Putting a STOP to Bullying: Top Tips for Foster Carers

The Anti-Bullying Week 2017 theme this year was “All Equal, All Different, and All Together”. Its aim is to support schools and youth organisations to celebrate difference and diversity; bring children and young people together to celebrate what makes them and others unique; and help create welcoming and inclusive environments both off and online for children and young people.

What is bullying?

The Northern Ireland Anti-Bullying Forum defines bullying as: the repeated use of power by one or more persons intentionally to hurt, harm or adversely affect the rights and needs of another or others.

There are plenty of things that you as a foster carer can do if you think that a child you are looking after is being bullied.

How can bullying present itself?

Unfortunately, there are many ways that bullying can present itself:

  • Being made fun of, called names, put down or threatened.
  • Being left out, excluded or isolated from others.
  • Being forced to do something that they don’t want to do or know that they shouldn’t do.
  • Having rumours spread about themselves, or have others talking about them behind their backs.
  • Being hit, punched, kicked, tripped up, pinched, bitten or knocked over

As well as these, cyberbullying is the most recent way that children can targeted.  The Northern Ireland Anti-Bullying Forum describes cyberbullying as: Bullying that takes place through electronic technologies such as mobile or smart phones, smart phone apps, social network websites and gaming consoles.’

What is bullying NOT?

  • An argument
  • A disagreement or falling out
  • Someone being ‘nasty’ as a one-off
  • A group dynamic issue where children or young people need to learn how to get on better

How can I help the situation?

Your first obligation as a foster carer is to ensure that your child feels safe. It is important that you keep your’s and your child’s social worker up to date on any concerns you have as they can offer additional insight and advice on how to progress.  Make sure that your child feels that they have the information to process the situation, with coping strategies and that they are clear who they can get support from when they feel overwhelmed.

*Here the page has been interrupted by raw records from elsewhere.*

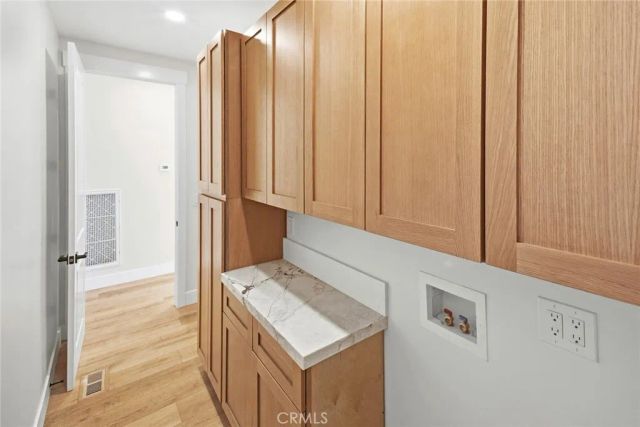 455 Tanglewood, Big Bear City, CA 92314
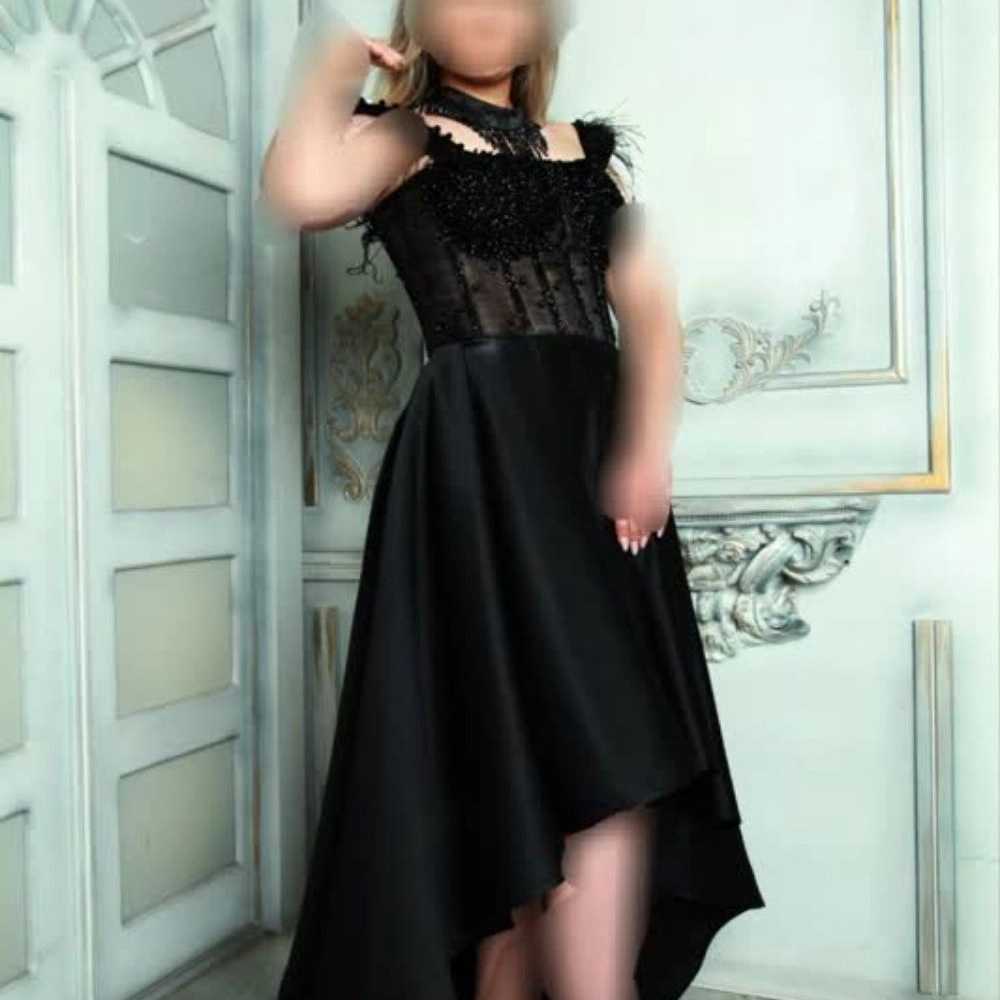1770550478692.webp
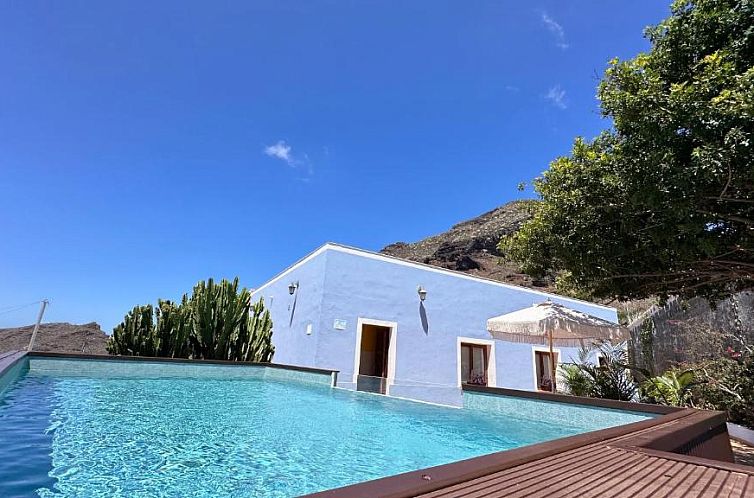 Casa Regina Tenerife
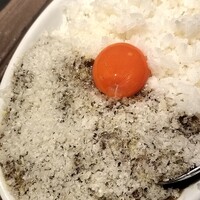 ヤキニク甲 -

  1. Talk to your child and explain that the bullying is not their fault, and that together you can sort out a solution.
  2. Raise all concerns with the child’s social worker and / or your own supervising social worker.
  3. Never dismiss any mention of bullying. It’s never acceptable and should always be taken seriously.
  4. Work together with your child and put a plan in place to help the situation.  Be transparent and keep communication channels open so they know what’s going on.
  5. Keep a diary of events and establish the facts.  If you have evidence, keep a record including screenshots, photos and texts if applicable.
  6. If the bullying is occurring at school, talk to the teacher.  Don’t get emotional. Instead, inform them of the facts of the situation and agree on an action plan.  Follow up this meeting in writing and ask for review meetings to ensure that actions are being taken to improve the situation.
  7. Identify coping strategies and encourage them to talk through their concerns with you.  Work together to practice responses to given situations so that they feel better equipped.
  8. Encourage activities to build their confidence.